In response, a spokesperson for the EPA told Fisho today “The EPA understands the anger that rec fishers may have in relation to the incident that occurred in March last year, but we believe that the Enforceable Undertaking imposed on Caltex is an appropriate response to ensure the environment is protected.

“The EU identifies the cause of the incident and the details the actions Caltex has put in place to prevent it happening again.

“The $120,000 contribution towards environmental projects that forms part of this undertaking will provide real and tangible outcomes for the local environment and local communities.

“The EPA continues to maintain a strong regulatory approach with Caltex. The factors the EPA takes into account in determining its regulatory response are detailed in the EPA Compliance Policy,” the spokesperson concluded.

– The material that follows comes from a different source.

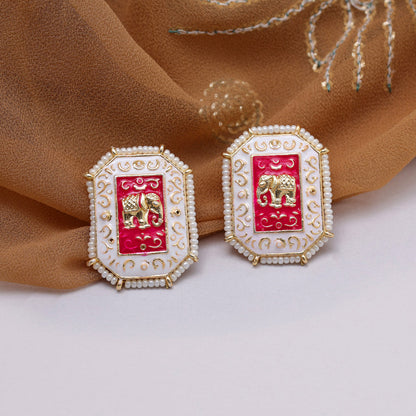 White Color Meenakari Earrings (MKE1985WHT) - preyans.com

The beneficiaries of the $120,000 Caltex enforceable undertaking with the EPA include:

$5,000 to National Parks and Wildlife Service (NPWS) for the Discovery program – Marine Environment Teachwild Activity at La Perouse in which school students are given guided tours by Discovery Rangers and scientists from CSIRO; $35,000 to NPWS Catchment and Beach/Dune Rehabilitation and Habitat Restoration Project – Congwong Precinct which includes works to prevent erosion and restore habitat in the Congwong Precinct; $50,000 to Sutherland Shire Council for the Marton Park Wetland Rehabilitation Project which includes works to rehabilitate the Wetland; and $30,000 to Randwick Council for the Discover your Coast Program (Marine and Coastal Adventure Program) which includes a range of free and affordable activities aimed at helping families and children of all ages discover our unique marine and coastal environment.